━━━ Data

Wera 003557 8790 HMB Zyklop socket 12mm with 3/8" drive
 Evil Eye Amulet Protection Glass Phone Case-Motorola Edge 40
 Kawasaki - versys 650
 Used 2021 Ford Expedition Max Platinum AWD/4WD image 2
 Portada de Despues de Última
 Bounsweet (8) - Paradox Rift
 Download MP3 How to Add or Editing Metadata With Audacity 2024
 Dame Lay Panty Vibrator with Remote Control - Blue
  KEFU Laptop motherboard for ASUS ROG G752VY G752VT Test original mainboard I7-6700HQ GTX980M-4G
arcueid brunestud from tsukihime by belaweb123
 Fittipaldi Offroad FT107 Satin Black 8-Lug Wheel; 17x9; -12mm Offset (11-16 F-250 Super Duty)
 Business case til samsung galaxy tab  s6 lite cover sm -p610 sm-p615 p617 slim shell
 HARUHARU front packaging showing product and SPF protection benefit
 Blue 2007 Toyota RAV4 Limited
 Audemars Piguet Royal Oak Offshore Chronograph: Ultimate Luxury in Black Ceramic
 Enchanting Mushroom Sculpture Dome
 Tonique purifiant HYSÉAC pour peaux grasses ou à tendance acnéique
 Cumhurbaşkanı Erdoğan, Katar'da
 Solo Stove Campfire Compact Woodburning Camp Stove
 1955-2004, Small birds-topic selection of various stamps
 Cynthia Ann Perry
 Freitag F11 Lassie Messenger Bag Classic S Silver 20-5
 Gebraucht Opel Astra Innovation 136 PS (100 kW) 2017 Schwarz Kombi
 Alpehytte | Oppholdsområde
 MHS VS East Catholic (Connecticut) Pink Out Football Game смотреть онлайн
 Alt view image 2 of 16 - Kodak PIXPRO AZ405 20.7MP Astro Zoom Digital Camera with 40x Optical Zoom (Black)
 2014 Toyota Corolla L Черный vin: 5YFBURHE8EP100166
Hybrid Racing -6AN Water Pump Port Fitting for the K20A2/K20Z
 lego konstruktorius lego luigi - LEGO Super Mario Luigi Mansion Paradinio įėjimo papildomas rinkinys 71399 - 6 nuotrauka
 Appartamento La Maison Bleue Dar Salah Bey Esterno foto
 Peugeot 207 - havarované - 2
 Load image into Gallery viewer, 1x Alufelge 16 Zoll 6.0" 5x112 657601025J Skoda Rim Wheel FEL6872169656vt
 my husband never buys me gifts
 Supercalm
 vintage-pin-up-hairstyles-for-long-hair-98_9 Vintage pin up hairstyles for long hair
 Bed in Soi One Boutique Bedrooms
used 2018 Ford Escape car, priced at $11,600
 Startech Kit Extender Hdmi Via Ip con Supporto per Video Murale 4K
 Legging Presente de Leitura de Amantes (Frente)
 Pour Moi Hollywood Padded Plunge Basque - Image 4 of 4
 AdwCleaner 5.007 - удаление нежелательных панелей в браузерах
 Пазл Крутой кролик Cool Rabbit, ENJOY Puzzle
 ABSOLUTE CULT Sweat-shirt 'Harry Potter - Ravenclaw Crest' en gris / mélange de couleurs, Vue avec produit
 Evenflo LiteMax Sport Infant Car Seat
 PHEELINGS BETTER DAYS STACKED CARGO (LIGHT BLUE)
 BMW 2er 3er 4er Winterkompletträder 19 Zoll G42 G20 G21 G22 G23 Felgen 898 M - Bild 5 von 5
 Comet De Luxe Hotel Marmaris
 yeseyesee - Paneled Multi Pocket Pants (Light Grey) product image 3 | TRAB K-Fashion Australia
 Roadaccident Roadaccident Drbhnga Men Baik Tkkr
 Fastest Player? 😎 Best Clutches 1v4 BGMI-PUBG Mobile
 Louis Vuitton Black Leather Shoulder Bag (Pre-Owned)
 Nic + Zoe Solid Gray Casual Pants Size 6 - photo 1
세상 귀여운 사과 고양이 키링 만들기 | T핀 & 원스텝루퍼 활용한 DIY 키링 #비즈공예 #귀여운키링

━━━━━━

◆ What the exercise asks
Copy every line of the data that carries the word "Black".

◆ Written solution
 Fittipaldi Offroad FT107 Satin Black 8-Lug Wheel; 17x9; -12mm Offset (11-16 F-250 Super Duty)
 Audemars Piguet Royal Oak Offshore Chronograph: Ultimate Luxury in Black Ceramic
 Alt view image 2 of 16 - Kodak PIXPRO AZ405 20.7MP Astro Zoom Digital Camera with 40x Optical Zoom (Black)
 Louis Vuitton Black Leather Shoulder Bag (Pre-Owned)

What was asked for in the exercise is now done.